What the exercise asks: From the listing below, reproduce exactly the lines starting with the one with "thumbnail image 1" and going on through the one with "PARA TU MOTO", both ends kept. No picture is copied.
(Extracted material Opens)
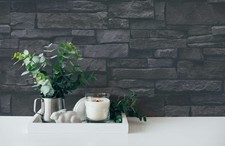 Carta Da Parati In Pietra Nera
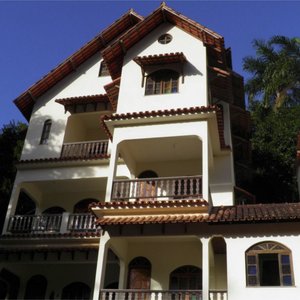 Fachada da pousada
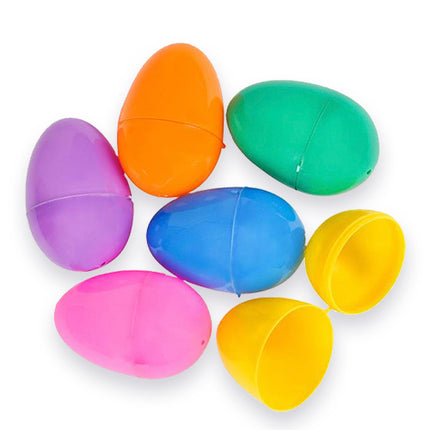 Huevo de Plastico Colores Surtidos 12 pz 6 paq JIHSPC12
(Extracted material Closes)
(Extracted material Opens)
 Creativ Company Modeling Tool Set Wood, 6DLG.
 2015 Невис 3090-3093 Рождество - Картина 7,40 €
(Extracted material Closes)
(Extracted material Opens)
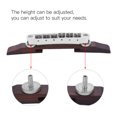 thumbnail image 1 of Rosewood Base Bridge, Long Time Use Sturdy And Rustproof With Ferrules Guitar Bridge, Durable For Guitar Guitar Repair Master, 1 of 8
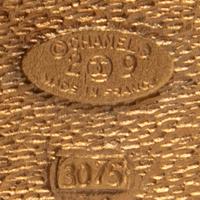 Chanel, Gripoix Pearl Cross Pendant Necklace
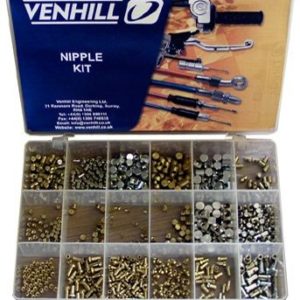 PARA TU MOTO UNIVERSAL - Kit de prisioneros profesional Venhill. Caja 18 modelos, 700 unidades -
(Extracted material Closes)
Solution for this task:
 thumbnail image 1 of Rosewood Base Bridge, Long Time Use Sturdy And Rustproof With Ferrules Guitar Bridge, Durable For Guitar Guitar Repair Master, 1 of 8
 Chanel, Gripoix Pearl Cross Pendant Necklace
 PARA TU MOTO UNIVERSAL - Kit de prisioneros profesional Venhill. Caja 18 modelos, 700 unidades -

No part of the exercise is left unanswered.